Post-Sovereign Territoriality

The European Union and Its Space

In sociological, political and historical research on the transformation of statehood in the (post-)modern era, the concept of sovereignty is often at the center of theorizing and conceptualization. But the interdependence between post-sovereign statehood and territorial order is usually not taken into account. In other words, it is this interface, where changes are currently being observed in claims to sovereignty, theories of statehood, and concepts of spatial order, that the project "Post-Sovereignty Territoriality" takes as its starting point. The project focuses on a process of change in the context of advancing Europeanization, in which not only individual legal rights and conditions of access to markets and welfare benefits are dramatically changing, but regional, national, and international affiliations in particular are being varied and configured in different ways. The concept of post-sovereignty, which is based on the assumption of a shared, overlapping, and therefore no long classic-autonomous sovereignty, reopens the question of the territorial character of systems of order and, as a result, the question of their respective concepts of belonging. Existing national constitutions are increasingly "superseded internationally or undermined ethnically and regionally" (Claus Leggewie) without these changes being shaped by conscious political decisions, much less appropriately accompanied by academic reflection and research. With increasing frequency, classic territorial markers of difference are being replaced by "invisible frontiers" that are no longer based on conventional parameters of space but instead on institutionalized and regulatory procedures within and beyond the regimes of nation-states.

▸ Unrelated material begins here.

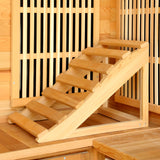 Cedar Elite Saunas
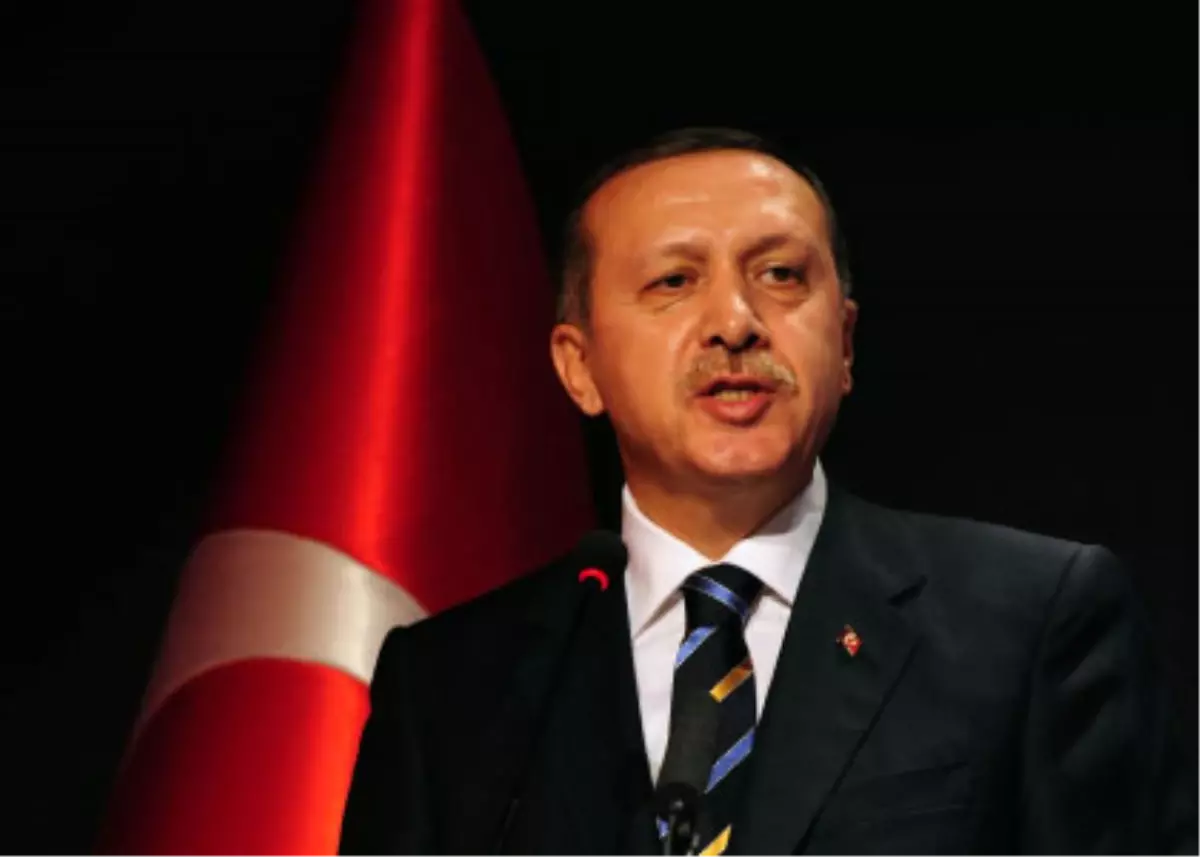 Başbakan Erdoğan: 14 Ayrı İlçenin Belediye Başkanı AK Partiye Geçti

To what extent concepts of belonging, final authority, and the power monopoly can be conceptualized in territorial terms in political systems like the European Union is a research perspective that has not been adequately applied to date, even though supranational systems like the European Union effectively counteract territorial concepts grounded in the nation-state in the long term. In such supranational structures, territoriality can no longer be defined without qualifications as a principle of spatial organization and thus as a core element of state sovereignty. Perhaps territoriality must now be considered outdated as a constitutive element of European sovereignty concepts. Or at best, as a characteristic that is required for recognition under international law, territoriality is no more than a material component of what is now "pooled and shared sovereignty" (Aleksandra Lewicki).

On the basis of a conference held in November 2011 at the Hamburg Institute for Social Research, the topic of post-sovereign territoriality will be explored theoretically and empirically from various research perspectives. Heterogeneous approaches from different independent disciplines highlight the fact that perspectives informed by spatial theories can be very fertile strategies for examining the EU’s concept of self and its integration and enlargement policies. A complex process of Europeanization comes into view which, although it repeatedly refers to traditional concepts of space, simultaneously moves beyond them without reflecting on this shift. This project focuses on a significant process of transformation and provides impetus for a much-needed debate on post-sovereign territoriality that has at best barely begun.